## [Task brief]
Check the records below line by line. Give the count of lines with "Paris", and nothing else.

*** Exercise data Section Begins ***

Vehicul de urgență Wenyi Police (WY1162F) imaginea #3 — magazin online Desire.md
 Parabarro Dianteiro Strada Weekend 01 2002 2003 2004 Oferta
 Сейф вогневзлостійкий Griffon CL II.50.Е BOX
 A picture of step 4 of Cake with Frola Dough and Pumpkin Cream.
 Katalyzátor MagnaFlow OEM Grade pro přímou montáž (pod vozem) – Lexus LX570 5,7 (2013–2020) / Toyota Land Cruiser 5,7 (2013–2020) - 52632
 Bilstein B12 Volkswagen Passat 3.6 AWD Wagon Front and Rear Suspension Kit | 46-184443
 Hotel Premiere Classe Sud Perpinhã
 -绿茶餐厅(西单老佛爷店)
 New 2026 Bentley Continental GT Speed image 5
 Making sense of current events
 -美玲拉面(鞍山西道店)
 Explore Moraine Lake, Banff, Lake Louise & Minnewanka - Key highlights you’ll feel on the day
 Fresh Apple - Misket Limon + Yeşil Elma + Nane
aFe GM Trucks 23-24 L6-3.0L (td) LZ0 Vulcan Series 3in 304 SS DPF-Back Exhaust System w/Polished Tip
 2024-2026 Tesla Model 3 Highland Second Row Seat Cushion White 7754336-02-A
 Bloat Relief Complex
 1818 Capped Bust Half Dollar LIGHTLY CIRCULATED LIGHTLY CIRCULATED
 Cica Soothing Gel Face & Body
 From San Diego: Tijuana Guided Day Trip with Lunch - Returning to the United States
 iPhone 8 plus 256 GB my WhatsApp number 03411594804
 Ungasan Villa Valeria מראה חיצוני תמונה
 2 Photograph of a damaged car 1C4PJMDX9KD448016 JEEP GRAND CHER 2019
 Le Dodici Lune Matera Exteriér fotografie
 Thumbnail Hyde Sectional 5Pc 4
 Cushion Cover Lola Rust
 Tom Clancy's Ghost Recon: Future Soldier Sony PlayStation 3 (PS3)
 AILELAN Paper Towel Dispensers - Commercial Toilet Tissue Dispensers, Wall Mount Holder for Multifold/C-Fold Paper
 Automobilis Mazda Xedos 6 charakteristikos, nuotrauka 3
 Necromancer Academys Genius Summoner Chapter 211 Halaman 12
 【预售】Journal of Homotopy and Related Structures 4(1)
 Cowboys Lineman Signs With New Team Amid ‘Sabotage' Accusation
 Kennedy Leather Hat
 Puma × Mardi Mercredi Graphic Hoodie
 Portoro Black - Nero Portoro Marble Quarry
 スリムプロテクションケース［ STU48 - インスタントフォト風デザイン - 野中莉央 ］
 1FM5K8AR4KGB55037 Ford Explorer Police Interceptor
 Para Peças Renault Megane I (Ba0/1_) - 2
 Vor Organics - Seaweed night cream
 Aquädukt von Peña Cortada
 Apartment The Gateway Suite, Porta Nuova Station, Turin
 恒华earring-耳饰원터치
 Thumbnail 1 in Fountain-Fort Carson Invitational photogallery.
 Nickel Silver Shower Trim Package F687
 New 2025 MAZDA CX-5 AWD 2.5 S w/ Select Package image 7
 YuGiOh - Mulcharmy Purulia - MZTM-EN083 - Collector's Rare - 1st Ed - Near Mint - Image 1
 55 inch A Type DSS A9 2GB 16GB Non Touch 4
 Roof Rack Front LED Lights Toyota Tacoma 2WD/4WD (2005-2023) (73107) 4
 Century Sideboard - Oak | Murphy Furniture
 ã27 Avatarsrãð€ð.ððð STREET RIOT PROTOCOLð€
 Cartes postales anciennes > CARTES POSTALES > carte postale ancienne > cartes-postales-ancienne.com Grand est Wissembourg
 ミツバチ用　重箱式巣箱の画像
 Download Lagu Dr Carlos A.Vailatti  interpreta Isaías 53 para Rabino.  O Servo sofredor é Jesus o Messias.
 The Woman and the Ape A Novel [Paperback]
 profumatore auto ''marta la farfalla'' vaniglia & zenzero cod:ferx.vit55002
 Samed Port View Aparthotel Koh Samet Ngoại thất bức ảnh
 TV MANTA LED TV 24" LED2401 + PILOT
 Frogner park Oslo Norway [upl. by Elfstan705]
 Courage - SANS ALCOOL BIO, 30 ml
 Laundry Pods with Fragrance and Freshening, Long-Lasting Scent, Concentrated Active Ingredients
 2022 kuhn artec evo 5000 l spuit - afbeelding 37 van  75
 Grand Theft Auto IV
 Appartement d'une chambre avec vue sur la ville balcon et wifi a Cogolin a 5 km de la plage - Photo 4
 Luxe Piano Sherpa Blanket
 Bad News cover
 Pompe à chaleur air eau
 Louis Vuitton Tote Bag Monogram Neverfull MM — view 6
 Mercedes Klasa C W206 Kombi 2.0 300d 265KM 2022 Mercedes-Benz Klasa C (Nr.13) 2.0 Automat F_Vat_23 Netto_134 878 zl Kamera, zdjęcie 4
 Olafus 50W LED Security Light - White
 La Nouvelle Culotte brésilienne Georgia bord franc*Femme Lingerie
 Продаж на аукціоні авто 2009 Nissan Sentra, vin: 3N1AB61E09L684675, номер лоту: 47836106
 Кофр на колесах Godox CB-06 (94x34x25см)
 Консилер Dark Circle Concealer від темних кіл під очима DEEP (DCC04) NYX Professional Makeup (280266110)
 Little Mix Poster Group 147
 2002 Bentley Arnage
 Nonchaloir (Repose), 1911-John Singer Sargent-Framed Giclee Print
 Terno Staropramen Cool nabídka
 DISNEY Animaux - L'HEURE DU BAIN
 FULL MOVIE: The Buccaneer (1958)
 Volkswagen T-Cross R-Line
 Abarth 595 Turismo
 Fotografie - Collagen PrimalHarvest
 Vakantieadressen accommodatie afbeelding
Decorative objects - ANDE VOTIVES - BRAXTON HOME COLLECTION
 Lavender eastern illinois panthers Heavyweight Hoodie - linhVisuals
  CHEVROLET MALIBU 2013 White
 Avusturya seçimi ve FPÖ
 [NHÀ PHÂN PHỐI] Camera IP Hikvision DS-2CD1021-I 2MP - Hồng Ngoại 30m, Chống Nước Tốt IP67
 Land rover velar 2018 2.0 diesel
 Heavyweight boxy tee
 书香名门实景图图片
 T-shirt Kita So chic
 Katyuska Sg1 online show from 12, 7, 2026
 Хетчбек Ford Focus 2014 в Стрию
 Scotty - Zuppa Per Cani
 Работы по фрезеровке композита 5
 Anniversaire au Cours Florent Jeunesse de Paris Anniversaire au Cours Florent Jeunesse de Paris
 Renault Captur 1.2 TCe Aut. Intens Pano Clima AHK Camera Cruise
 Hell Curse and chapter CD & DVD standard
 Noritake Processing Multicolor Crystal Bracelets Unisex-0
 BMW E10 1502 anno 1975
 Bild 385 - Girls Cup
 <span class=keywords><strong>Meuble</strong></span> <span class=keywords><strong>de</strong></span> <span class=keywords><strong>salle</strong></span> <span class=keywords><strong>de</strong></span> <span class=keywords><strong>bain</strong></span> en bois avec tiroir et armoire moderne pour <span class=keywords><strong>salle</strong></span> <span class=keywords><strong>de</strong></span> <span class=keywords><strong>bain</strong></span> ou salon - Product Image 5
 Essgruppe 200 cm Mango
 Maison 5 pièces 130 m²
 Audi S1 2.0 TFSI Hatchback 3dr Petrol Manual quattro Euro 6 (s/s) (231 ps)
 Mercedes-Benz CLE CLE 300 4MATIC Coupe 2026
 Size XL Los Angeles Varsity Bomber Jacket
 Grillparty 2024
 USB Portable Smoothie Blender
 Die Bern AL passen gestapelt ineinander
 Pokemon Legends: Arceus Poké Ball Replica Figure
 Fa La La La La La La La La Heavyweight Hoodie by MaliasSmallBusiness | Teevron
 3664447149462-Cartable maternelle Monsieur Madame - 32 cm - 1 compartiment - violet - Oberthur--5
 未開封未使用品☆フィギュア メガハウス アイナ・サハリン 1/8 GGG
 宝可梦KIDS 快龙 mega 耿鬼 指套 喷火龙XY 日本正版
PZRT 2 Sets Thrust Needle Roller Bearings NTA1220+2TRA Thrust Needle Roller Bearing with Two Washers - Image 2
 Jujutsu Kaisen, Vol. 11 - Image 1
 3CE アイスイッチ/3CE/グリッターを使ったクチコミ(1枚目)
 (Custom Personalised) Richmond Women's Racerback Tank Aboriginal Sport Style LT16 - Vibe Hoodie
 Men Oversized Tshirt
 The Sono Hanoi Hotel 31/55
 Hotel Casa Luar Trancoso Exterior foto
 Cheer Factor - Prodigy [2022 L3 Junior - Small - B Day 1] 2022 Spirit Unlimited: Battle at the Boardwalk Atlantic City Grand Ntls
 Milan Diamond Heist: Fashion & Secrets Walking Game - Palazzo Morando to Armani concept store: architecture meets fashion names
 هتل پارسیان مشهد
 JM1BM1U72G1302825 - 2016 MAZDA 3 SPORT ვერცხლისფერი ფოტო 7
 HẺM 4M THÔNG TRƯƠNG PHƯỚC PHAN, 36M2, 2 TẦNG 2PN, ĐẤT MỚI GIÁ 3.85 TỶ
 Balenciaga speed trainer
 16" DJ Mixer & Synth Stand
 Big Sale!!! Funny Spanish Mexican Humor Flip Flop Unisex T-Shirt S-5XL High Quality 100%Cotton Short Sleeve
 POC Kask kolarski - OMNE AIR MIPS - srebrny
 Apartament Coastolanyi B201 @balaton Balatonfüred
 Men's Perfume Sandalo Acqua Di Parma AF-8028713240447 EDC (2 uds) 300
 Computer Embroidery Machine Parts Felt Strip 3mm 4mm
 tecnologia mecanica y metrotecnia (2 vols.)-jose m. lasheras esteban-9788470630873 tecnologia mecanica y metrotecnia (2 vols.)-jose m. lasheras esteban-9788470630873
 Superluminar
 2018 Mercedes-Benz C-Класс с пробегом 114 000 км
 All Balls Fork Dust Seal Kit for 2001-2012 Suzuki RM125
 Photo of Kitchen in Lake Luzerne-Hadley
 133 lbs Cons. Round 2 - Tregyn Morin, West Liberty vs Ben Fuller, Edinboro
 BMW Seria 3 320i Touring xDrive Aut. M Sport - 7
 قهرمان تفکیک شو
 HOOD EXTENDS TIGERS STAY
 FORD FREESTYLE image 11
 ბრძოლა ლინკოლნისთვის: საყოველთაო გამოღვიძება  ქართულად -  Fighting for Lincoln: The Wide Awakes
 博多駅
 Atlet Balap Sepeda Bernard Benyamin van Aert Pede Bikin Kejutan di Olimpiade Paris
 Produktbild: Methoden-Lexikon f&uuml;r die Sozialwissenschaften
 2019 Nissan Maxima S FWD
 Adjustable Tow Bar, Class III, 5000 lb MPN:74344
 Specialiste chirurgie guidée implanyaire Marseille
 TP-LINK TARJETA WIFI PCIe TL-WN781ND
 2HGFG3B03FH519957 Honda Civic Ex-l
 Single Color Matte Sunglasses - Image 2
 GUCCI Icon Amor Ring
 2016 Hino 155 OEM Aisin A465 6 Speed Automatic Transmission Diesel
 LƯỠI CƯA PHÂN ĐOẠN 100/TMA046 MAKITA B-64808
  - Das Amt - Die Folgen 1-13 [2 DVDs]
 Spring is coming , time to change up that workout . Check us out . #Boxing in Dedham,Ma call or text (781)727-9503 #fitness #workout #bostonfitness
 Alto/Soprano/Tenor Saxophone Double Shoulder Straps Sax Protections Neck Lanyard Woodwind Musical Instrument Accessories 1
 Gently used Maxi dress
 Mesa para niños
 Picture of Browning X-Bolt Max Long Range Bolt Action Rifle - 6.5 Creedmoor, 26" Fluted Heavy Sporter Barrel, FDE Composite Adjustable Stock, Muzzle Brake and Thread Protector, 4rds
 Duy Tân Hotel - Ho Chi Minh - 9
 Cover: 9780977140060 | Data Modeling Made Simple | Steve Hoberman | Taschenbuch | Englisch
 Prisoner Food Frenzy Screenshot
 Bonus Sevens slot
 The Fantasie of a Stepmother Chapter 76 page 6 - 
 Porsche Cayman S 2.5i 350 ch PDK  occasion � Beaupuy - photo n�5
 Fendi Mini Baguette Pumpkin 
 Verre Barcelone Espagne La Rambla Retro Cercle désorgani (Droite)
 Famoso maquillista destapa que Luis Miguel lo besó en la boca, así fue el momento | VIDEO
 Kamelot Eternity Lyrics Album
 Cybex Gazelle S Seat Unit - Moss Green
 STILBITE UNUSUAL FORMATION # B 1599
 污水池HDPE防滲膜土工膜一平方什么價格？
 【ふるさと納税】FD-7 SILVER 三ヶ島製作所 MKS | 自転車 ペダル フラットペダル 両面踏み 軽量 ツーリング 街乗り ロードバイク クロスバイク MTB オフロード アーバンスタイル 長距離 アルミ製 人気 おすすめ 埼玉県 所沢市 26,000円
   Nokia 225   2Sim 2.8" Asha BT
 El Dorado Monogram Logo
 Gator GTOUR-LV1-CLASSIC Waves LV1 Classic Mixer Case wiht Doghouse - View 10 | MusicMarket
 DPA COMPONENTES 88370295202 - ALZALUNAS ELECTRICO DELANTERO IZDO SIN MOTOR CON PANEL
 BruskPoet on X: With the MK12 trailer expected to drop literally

*** Exercise data Section Ends ***

## [Exercise response]
2